House of Representatives Speaker Wan Muhamad Noor Matha told reporters the vote he had scheduled for Thursday would be postponed pending a decision from the Constitutional Court. The state ombudsman has asked the court to rule whether it was legal to bar Move Forward Party leader Pita Limjaroenrat from being nominated as a prime ministerial candidate a second time.
Pita lost a first vote in Parliament for the top post on July 13, and then was barred from a second try last week when a procedural vote said he could not submit his name again.
The court has not yet set a date for its decision.
Wan Noor also said delaying the vote would allow lawmakers to celebrate King Maha Vajiralongkorn’s 71st birthday on Friday.

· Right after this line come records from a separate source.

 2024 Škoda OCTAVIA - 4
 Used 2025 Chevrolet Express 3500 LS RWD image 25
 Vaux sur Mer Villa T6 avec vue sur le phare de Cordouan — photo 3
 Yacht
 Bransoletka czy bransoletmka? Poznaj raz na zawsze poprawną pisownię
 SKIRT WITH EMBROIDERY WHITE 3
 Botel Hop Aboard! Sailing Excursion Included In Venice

Pita led his progressive party to a first-place finish in the May election and assembled an eight-party coalition that together won 312 seats in the 500-member lower house. But confirming a new prime minister requires a majority of a joint vote with the 250-member Senate, and Pita’s initial bid fell short by more than 50 votes, largely because he failed to get support from the Senate, only 13 of whose members backed him.
Members of the Senate said they would not vote for Pita because of his party’s call to reform a law that makes it illegal to defame Thailand’s royal family. Critics say the law, which carries a penalty of up to 15 years in prison, has been abused as a political weapon. The Senate’s members were appointed by a military government — not elected — and see themselves as guardians of traditional conservative royalist values.
After last week’s vote barring Pita from a second bid in Parliament, several complaints were submitted to the state ombudsman asserting that the action had violated the constitution. The complainants include private citizens and lawmakers from Pita’s party.
The coalition assembled by Pita met Friday after the latest failed attempt, and announced that its second biggest member, the Pheu Thai Party, would nominate its candidate and assume the leading role in forming a government.
Its three possible nominees are real estate tycoon Srettha Thavisin; Paetongtarn Shinawatra, the daughter of former Prime Minister Thaksin Shinawatra, who was ousted by a 2006 military coup; and Chaikasem Nitsiri, the party’s chief strategist.
Pheu Thai said the coalition for now will stick with its original members and try to win more votes from conservative lawmakers before the next vote, but did not rule out the possibility that Move Forward could be excluded from the coalition in order for it to succeed in forming the government.